E al numero 240 di Mercer Street, rinasce Richie Finestra, il protagonista di Vinyl. Sulle note di Personality Crisis dei New York Dolls. Ritchie obnubilato dal whisky e dalla cocaina ascolta il suono del futuro, mentre il teatro in cui si svolge il concerto crolla, come crollano le città e gli imperi. Ma su quelle rovine sorgeranno nuovi imperi e nuove città. In fondo, solo chi cade può risorgere.
Sicché il collasso del Mercer Art Center, che apre e chiude il pilot diVinyl , inaugura la stagione del punk rock, del No Dream, No Future, di una musica anfetaminica e brutale.
In mezzo a tutto questo scorrono candidi fiumi di boliviana, tra raglie aspirate su un vinile in movimento o sullo specchietto retrovisore interno. Ci sono i Led Zeppelin con Robert Plant, i tedeschi impomatati della Polygram, le orge all'Oasis Club, il figlio di Mick Jagger che si fa la segretaria talentuosa Juno Temple e poi una pera. Si respira l’aria di club mitici come Il CBGB o il Max’s Kansas City. Si discute di Anton Cechov e di Blow Job. Ma c’è soprattutto Bobby Cannavale con i pantalani a zampa, i giubbotti di pelle e le camice aperte di Richie Finestra.
Irsuto, plastico, sudato, con gli occhi dilatati dall’alcaloide, Cannavale è il corpo e pure l’anima di Vinyl. Nell’interpretare il fondatore e presidente dell’American Century Records, etichetta discografica sull’orlo del baratro, Bobby si trasfigura nell’alterato simulacro dei Seventies.
L’attore è sublime nel momento in cui rimprovera i suoi talent scout di non aver compreso gli Abba o quando nel secondo episodio della serie alliscia l’ego di Andy Wahrol. Ed è da antologia quando spacca l’ultimo disco dei Jethro Tull e limona duro con Devon (Olivia Wilde), fascinosa femme fatale della Factory dall'eyeliner nero e blu e sua futura moglie.
Cannavale è puro rock’n roll, sporco, veloce ed eccitante come la musica che verrà . Un Doctor Frankenstein deciso a non abbandonare la propria creatura. Non a caso il Mostro immortalato da James Whale e Boris Karloff si palesa sullo schermo del cocainomane proprietario di una stazione radio.
Insomma. It’s alive.
E tra le puttane, gli sfruttatori, i mendicanti, i drogati, gli spacciatori di droga, i ladri, gli scippatori di Taxi Driver, i peccatori di Mean Streets, i bravi ragazzi di Good Fellas, Richie Finestra entra a gamba e narice tesa nella galleria dei grandi personaggi creati da Scorsese.

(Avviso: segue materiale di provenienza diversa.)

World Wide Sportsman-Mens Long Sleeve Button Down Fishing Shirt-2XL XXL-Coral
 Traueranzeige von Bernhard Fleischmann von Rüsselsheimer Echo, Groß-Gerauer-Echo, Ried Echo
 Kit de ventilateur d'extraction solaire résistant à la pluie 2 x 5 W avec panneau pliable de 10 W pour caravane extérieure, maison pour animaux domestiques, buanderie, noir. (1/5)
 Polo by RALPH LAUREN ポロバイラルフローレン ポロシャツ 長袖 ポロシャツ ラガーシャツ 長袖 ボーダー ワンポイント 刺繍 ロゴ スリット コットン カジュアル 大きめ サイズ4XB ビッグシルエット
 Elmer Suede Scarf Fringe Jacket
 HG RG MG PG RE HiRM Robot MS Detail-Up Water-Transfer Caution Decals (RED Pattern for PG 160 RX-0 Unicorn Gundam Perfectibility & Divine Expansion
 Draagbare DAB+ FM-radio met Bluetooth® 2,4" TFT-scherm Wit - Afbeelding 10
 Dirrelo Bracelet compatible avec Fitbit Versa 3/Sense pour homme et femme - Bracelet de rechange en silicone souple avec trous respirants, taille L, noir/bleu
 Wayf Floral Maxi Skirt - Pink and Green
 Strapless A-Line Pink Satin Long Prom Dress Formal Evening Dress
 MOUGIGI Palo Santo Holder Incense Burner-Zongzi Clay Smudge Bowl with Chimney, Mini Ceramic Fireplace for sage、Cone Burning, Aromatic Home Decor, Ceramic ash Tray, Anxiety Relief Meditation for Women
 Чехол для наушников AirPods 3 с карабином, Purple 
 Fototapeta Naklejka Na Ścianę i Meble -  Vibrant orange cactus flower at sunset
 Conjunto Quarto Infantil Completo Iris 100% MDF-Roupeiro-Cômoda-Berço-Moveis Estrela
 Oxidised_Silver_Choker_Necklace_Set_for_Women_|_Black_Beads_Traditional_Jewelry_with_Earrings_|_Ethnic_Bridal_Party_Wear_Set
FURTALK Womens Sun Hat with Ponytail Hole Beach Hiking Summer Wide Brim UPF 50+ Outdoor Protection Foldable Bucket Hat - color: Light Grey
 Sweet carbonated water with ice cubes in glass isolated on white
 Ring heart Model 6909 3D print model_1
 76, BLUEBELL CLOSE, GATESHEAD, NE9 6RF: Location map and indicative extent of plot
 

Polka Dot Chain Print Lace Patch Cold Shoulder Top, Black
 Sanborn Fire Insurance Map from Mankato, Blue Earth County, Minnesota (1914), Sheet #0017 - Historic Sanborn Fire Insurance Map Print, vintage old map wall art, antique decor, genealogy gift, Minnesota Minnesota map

Uno capace di descriversi così: "Ho avuto un orecchio d'oro, una lingua d'argento, e un paio di palle di ottone. Ma il problema è diventato il mio naso e tutto quello che ci ho messo dentro!”
Per cui come canteranno negli anni Ottanta gli ACDC (parafrasando il motto dei gladiatori dell'Antica Roma) "For Those About to Rock We Salute You".